Analíticamente, conceptualmente, teóricamente, hay un ingreso, una parte del ingreso, que es la ganancia. Y otra parte que son los salarios. Son dos cosas distintas. Si ustedes leen un libro de micro, un libro de macro, un libro de organización, son dos cosas distintas. La ganancia de la empresa proviene del resultado económico de la empresa, mientras los salarios son una parte, llamémoslo de la estructura de costo de la empresa. Pero como decía recién, en una pyme, muchas veces la escala, el nivel de facturación, la propia organización impide. Y uno habla con un empresario pyme que, tal vez, si pudiera hacerlo de esta manera, se liberaría tiempo, no digo para el ocio, tal vez para otros emprendimientos, como si fuera un gran dueño, podría tener otras empresas. Pero no, tiene que estar todo el día trabajando, todo el día presente en su propia firma.

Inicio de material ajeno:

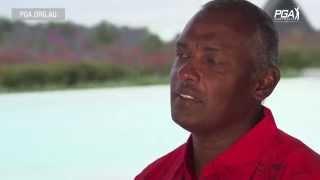 Vijay Singh with Chris Ropero trainer/caddy on golf fitness - Fiji International 2015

Entonces, me parece que hay una clave, dicho así, parece claro, pero las consecuencias son muy grandes. Por eso yo quiero hacerlo y lo he hecho siempre, absolutamente siempre. Los empresarios pyme de la provincia de Buenos Aires, los que hoy están sufriendo esta espantosa política económica, son empresarios, son propietarios, pero también son laburantes de su empresa. Ustedes, laburantes de su empresa, los que están todos los días. Y eso es lo que se ve, eso es lo que dicen y eso da otra cabeza. Cuando son empresas familiares y pequeñas, conocen por nombre a los empleados, a los administrativos. Es decir, dicen empresa familiar, pyme familiar, pero no es sólo en la estructura de propiedad, es en el funcionamiento de la pyme.
Por eso, cuando uno lee en el diario que el Gobierno nacional dice, ‘bueno, si una empresa no funciona, que se achique y que reduzca la planta’. ¿Cómo va a reducir la planta? En una pyme, ¿cómo haría? Se pueden echar, ¿cuántos? De una pequeña empresa. No es que se suspende un turno, como en una gran compañía, una automotriz, suspende un turno. No, el proceso productivo está de tal forma organizado y estructurado en vinculación a la actividad que hace que no se puede hacer eso. Por eso, al empresario pyme, en general, despedir, prescindir de un empleado, de varios empleados que lo acompañan, lo he escuchado, lo escuchamos siempre, representa una enorme pérdida, porque además los trabajadores forman parte de una experiencia. Una experiencia que es el propio proceso de crecimiento de la organización. No está escrito en un manual, es un modo de trabajo, es una forma de relación, es una vinculación económica, pero también afectiva, funciona así. No se puede echar un tercio… Leemos todos los días, ¿no? ‘Echó, el otro día, en tal planta, tal gran empresa, echó 150 personas’. Es una parte, una porción de la planta personal. No pasa así en una pyme, no se puede prescindir. Porque en general, cada uno tiene una función. Si pierden a uno, se pierde en el eslabón del proceso productivo y no funciona más. Y por otro lado, lo he visto. Prescindir de un trabajador con el que se ha hecho toda una trayectoria, decía recién, una experiencia común, un aprendizaje, un vínculo. A veces te dicen, ‘no, yo soy padrino de los hijos, o somos casi familiares’. Esa es la pyme bonaerense.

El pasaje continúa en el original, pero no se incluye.